With the launch of the new Pulumi Registry today, the company is making it easier for developers to share and discover Pulumi Packages, the core technology that makes it possible to define cloud infrastructure resource provisioning more easily. Pulumi Packages can be thought of as cloud reference architectures provided in the form of software development kits, code samples and how-to guides.

As well as accessing ready-made Pulumi Packages, teams can use the Pulumi Registry to build components representing new cloud architectures that can then be reused or modified by developers as required. So, for example, an infrastructure team can build a component for deploying Kubernetes on AWS that automatically configures the availability zones, security groups, access roles and auto-scaling, while specifying the required resources. Developers can reuse that component for additional deployments later or tweak it as required.
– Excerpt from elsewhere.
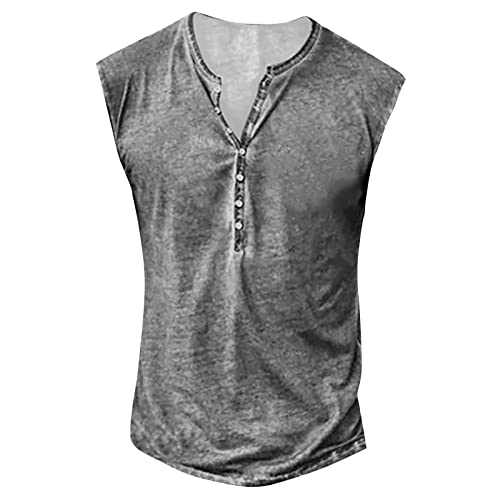 2023 Plus Size Mens Workout Shirt Henley Neck Button Down Sleeveless T-Shirts Summer Surf Beach Tank Tops Classic Retro Printed Graphic Tees Casual Gym Fitness Vest Khaki Xx-Large #TOP18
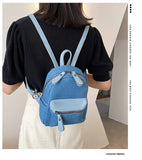 Fashion Denim Women Backpack small Female Travel Backpacks Preppy style School Bag for girls Rucksack Daypack Sac A dos blue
Pulumi is trying to encourage the community-building aspect. It said users can create Pulumi Packages in one language and make them available in all languages if they publish them for reuse in the registry.

Pulumi Chief Executive Joe Duffy said the company is pushing a developer-first approach to building and sharing reusable infrastructure components both within an organization, and more broadly with the community. “By providing a place where teams can share and discover reusable infrastructure building blocks, the Pulumi Registry helps ensure that the simple things are simple and the really hard things are made possible,” he said.

Holger Mueller, an analyst with Constellation Research Inc., told SiliconANGLE he thinks the infrastructure-as-code space is an important emerging area that enterprises are keen to exploit. “Sharing and reusing software is key for enterprises to achieve enterprise acceleration, which is best done with code,” he added.

The company said the Pulumi Registry includes native provider packages for AWS, Google Cloud and Microsoft Azure that were built in partnership with all three cloud providers. There are more than 60 Pulumi Provider Packages available for each cloud, for popular services such as SumoLogic, GitHub, DataDog, CloudFlare, Docker, Auth0, Snowflake, Kong, Spot by NetApp, MongoDB Atlas and many more. Also available are numerous component packages for deploying production-ready apps on Kubernetes, serverless architectures such as Amazon Lambda and databases such as AWS Redshift.

Al Sene, DigitalOcean Holdings Inc.’s vice president of engineering, said his company’s inclusion in the Pulumi Registry makes it easier for its customers to provision cloud resources. “Pulumi Packages lower the bar to adoption of cloud engineering best practices and help users ensure their cloud journey is as frictionless as possible,” he said.

The Pulumi Registry is up and running now, with each Pulumi Packages freely accessible to anyone who wants to use it.